The New York Times reports on the "push for personhood" and a new anti-abortion amendment in Mississippi:
A constitutional amendment facing voters in Mississippi on Nov. 8, and similar initiatives brewing in half a dozen other states including Florida and Ohio, would declare a fertilized human egg to be a legal person, effectively branding abortion and some forms of birth control as murder.
With this far-reaching anti-abortion strategy, the proponents of what they call personhood amendments hope to reshape the national debate....
The amendment in Mississippi would ban virtually all abortions, including those resulting from rape or incest. It would bar some birth control methods, including IUDs and “morning-after pills” that prevent fertilized eggs from implanting in the uterus. It would also outlaw the destruction of embryos created in laboratories.

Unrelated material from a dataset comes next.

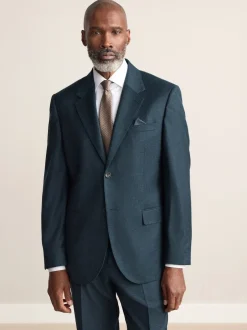 Next Bleu de sarcelle - Ajustement régulier - Veste de costume en flanelle de laine et cachemire mélangées Signature Zignone Best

Catholics certainly believe that life begins at conception, but many who hope to ultimately overturn Roe v. Wade—including Catholic bishops—think the amendment is a step in the wrong direction. According to the Times:
The drive for personhood amendments has split the anti-abortion forces nationally. Some groups call it an inspired moral leap, while traditional leaders of the fight, including National Right to Life and the Roman Catholic bishops, have refused to promote it, charging that the tactic is reckless and could backfire, leading to a Supreme Court defeat that would undermine progress in carving away at Roe v. Wade.
A statement last week from Bishop Joseph Latino of Jackson, Miss., included his thoughts on the petitioning phase of the amendment: "I join with Catholic Bishops in several other states in not endorsing Personhood petitions to be circulated in our Catholic parishes. We have committed ourselves to working for a federal amendment and feel the push for a state amendment could ultimately harm our efforts to overturn Roe vs. Wade."
The statement also included his thoughts now that the amendment has moved beyond the petitioning phase: "Although the Diocese of Jackson is not taking a position of public support for this amendment, individual Catholics, having formed their consciences, may vote as they so choose. The Roman Catholic Church and her bishops are unequivocally pro-life; however, we do not always publicly support every initiative that comes before us in the name of pro-life."